# Information provided
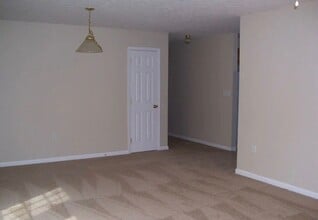 125 Red Hawk Dr in Vine Grove, KY - Building Photo - Building Photo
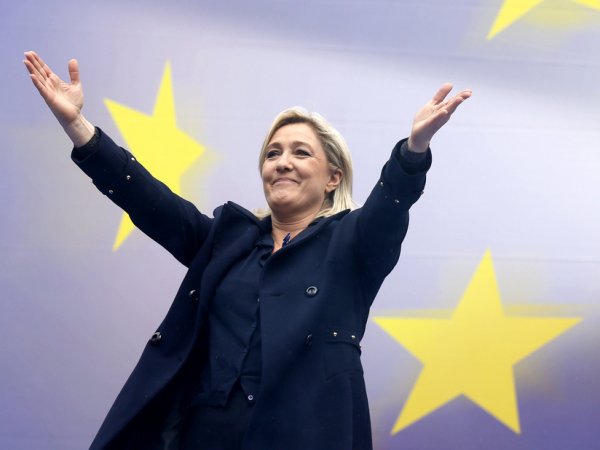 Марин Ле Пен потребовала отменить Шенгенское соглашение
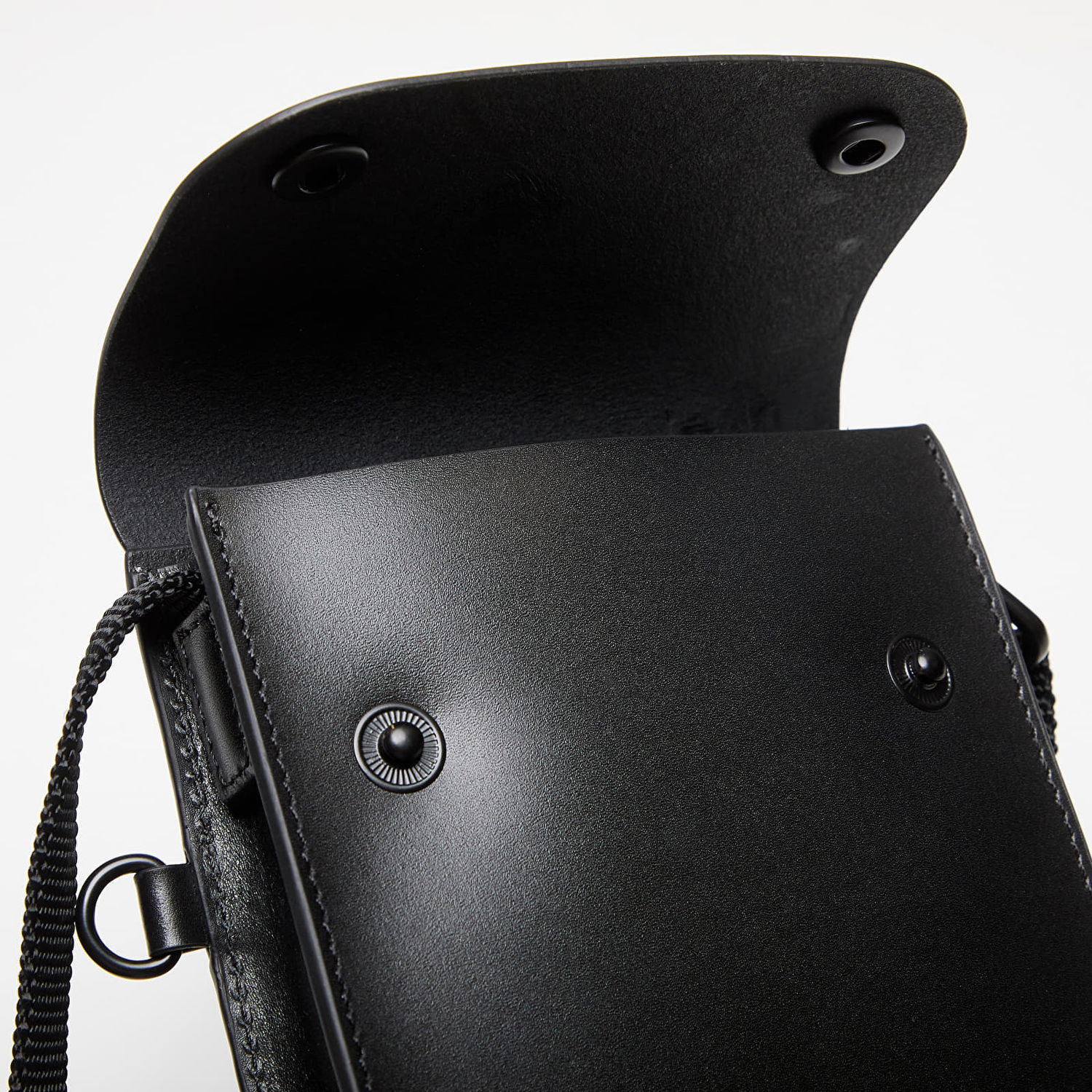 Skuldertaske Fred Perry Burnished Leather Pouch Black Sort | L4331 102, 1
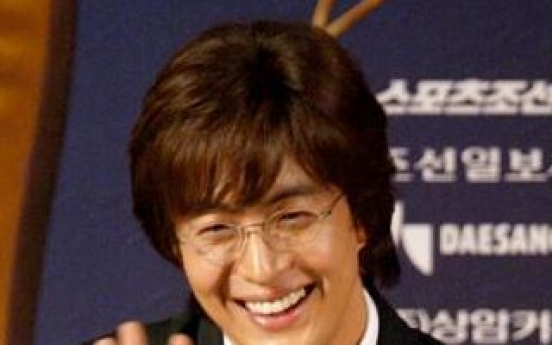 Bae Yong-joon foots dinner bill for fans after wedding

# Work instructions
Please set down each line of the data above exactly as written, without the pictures.

# Task solution
 125 Red Hawk Dr in Vine Grove, KY - Building Photo - Building Photo
 Марин Ле Пен потребовала отменить Шенгенское соглашение
 Skuldertaske Fred Perry Burnished Leather Pouch Black Sort | L4331 102, 1
 Bae Yong-joon foots dinner bill for fans after wedding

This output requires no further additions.